Los gestores del golpe, militares, dejaban de lado su identidad dentro de la institución militar, que es el molde histórico de la república desde inicios del siglo XX. El movimiento de los «bolivarianos» –como se autodenomina– borra, sin resistencias de opinión, a la historia conocida: “Resetea” la conciencia nacional.

Refiero, seguidamente, que “una vez contenida la revuelta, las autoridades civiles sorprendieron con la temprana liberación o el sobreseimiento de la mayoría de los alzados. Medió, apenas, una catarsis de mero contenido pedagógico que permitió la reincorporación de aquellos, sin reservas de peso, al desempeño de sus funciones militares ordinarias” a partir de 1992.

El primero de mis textos orienta la intervención del presidente Carlos Andrés Pérez ante la Asamblea de la Unesco, en París. El quid es que al segundo le fijo una introducción, a manera de petición de principio, sobre lo que observo ayer y se mineraliza como tendencia, y apenas se le comprende, con retraso, tras las rupturas de 2019.

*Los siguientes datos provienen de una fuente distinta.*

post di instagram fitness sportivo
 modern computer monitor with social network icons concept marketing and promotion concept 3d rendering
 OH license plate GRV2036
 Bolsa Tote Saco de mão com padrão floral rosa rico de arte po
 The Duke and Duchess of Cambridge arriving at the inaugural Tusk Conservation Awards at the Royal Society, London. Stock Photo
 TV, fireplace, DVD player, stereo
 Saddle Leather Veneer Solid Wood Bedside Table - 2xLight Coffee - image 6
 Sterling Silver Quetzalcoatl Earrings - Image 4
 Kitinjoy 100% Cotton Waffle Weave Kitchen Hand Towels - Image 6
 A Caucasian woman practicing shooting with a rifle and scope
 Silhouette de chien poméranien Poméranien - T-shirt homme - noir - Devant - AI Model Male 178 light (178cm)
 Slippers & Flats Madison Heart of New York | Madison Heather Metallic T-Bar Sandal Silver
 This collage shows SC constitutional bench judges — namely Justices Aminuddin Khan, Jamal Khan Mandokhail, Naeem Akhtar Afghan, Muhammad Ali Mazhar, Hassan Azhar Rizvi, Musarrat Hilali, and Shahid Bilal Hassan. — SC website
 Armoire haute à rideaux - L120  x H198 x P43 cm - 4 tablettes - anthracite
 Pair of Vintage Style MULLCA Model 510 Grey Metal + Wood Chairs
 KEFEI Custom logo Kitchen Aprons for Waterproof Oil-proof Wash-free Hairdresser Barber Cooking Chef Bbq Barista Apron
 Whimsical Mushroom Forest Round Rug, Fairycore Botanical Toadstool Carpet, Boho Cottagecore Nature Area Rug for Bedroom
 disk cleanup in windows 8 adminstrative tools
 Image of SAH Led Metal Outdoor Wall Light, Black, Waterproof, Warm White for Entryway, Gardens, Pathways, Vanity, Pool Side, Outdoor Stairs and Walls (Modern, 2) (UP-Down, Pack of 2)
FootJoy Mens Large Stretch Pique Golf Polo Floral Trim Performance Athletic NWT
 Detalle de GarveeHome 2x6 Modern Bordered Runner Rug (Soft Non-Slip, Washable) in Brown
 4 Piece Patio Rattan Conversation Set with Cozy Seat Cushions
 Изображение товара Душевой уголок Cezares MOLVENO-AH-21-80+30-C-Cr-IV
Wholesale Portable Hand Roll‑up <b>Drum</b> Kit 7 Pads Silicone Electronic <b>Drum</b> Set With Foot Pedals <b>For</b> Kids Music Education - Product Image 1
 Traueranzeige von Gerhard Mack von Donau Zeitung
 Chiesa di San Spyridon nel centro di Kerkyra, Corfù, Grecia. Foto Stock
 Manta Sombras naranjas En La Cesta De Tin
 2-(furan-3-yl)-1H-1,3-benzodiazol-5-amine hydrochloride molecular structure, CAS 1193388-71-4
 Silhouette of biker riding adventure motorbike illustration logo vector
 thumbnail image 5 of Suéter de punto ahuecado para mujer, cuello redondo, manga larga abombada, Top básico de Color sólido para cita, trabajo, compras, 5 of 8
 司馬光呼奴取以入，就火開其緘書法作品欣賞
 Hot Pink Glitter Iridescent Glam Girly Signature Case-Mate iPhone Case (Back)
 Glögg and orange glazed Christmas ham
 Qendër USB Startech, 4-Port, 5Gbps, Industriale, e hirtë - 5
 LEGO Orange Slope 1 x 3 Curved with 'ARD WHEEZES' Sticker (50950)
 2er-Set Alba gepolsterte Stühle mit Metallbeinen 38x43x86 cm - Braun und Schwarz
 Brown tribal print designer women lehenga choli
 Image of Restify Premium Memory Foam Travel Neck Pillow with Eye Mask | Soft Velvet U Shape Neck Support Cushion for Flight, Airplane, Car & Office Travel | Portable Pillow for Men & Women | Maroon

“Las generaciones de venezolanos –afirmo– nacidas y amamantadas en la libertad y por ende ajenas a los desvaríos del autoritarismo, hemos ingresado a la corriente de cambios planetarios propulsada por el fin de la Guerra Fría. Súbitamente, no mediando respiro, descubrimos el significado de las llamadas fuerzas impersonales de la Historia; esas que, según W.E. Gladstone (1904) «empujan las cosas hacia ciertas consecuencias sin ayuda de motivos locales, temporales o accidentales».

Trátase –prosigo– de nuestra incorporación a la «primera revolución mundial» descrita en el Informe del Consejo al Club de Roma (1991) y que, habiendo hecho saltar la tapa de una olla de presión despierta fenómenos, devociones nacionalistas y conflictos hasta ahora ocultos por la bipolaridad internacional”, susceptibles, lo dicen los autores del documento, de “poner en peligro a toda la especie humana” si media un enfoque inadecuado. Es lo que todavía ocurre y hace inocuas las acciones para restañar la pérdida de la calidad de la democracia durante lo que corre del siglo XXI.